After feeling as if I couldn't communicate anything to save my life (foot in mouth, having to repeat myself constantly) all week, I finally enjoyed one of those moments where things came out O.K. Plus, I got to get something off my chest. (Would that I could take care of a more irritating something, though, but way down the road.)
Sometimes at the bookstore, I work up at the cash wrap. It is surprisingly steady on the weekends, despite being past Christmas, but we do have downtime where a few of us cashiers joke around. Often (because most of us are single and have an appreciation for God's handiwork) we point out the cute customers shopping in the store--sometimes by way of a discreet post-it note system.
This afternoon, I was in for a few hours covering part of a shift for a co-worker who needed time to work on a group project for college. One of the cashiers with me was a fellow I'll call "Romeo"--a nice fellow, young as in maybe not quite 20, and open about the fact that he is gay--and he was craning his neck at a shopper and saying to me, "He's cute- Oh, wait, he's got a kid with him. You can have him." He said it lightheartedly, and added, "Breeders--oh, you heteros."

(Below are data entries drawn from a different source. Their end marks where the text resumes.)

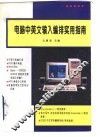 电脑中英文输入编排实用指南 封面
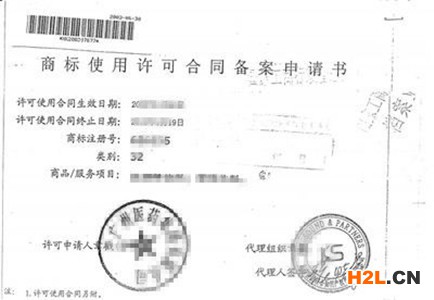 商標許可備案所需要的書件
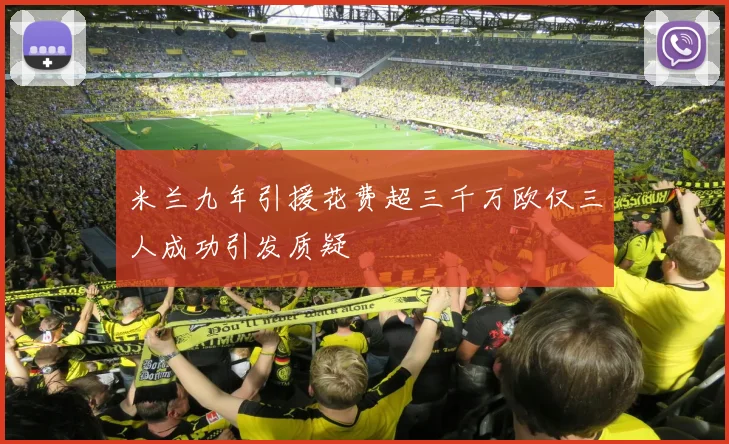 米兰九年引援花费超三千万欧仅三人成功引发质疑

"Hey," I said. "I resemble that remark." I was trying to laugh it off, but I was a little hurt, because it brought to mind the fact that I was mocked in such a way on Thursday, when I was here (note: I don't know the person who took the photos, and not all of the signs represent my views).
So I told Romeo about it. How a group of young homosexual men, maybe around his age, maybe a little younger, had yelled, "Breeders!" at me and the people I was with, because of the reason we'd come there--and that it just was something I believed in--and how I felt about it. That it stung, and that I'd never point and yell at anyone like that, for any reason.
I kind of braced myself to be rejected for my somewhat controversial views, even if I had expressed them softly, but (as deep down I had a feeling he would be) Romeo was really nice about it. We wound up having a pretty good discussion about issues, actually, and even about kids. He showed me a picture on his phone of his adorable little niece.
I'm glad I went on Thursday, and I'm glad I had that moment today where I felt O.K. to tell someone about it.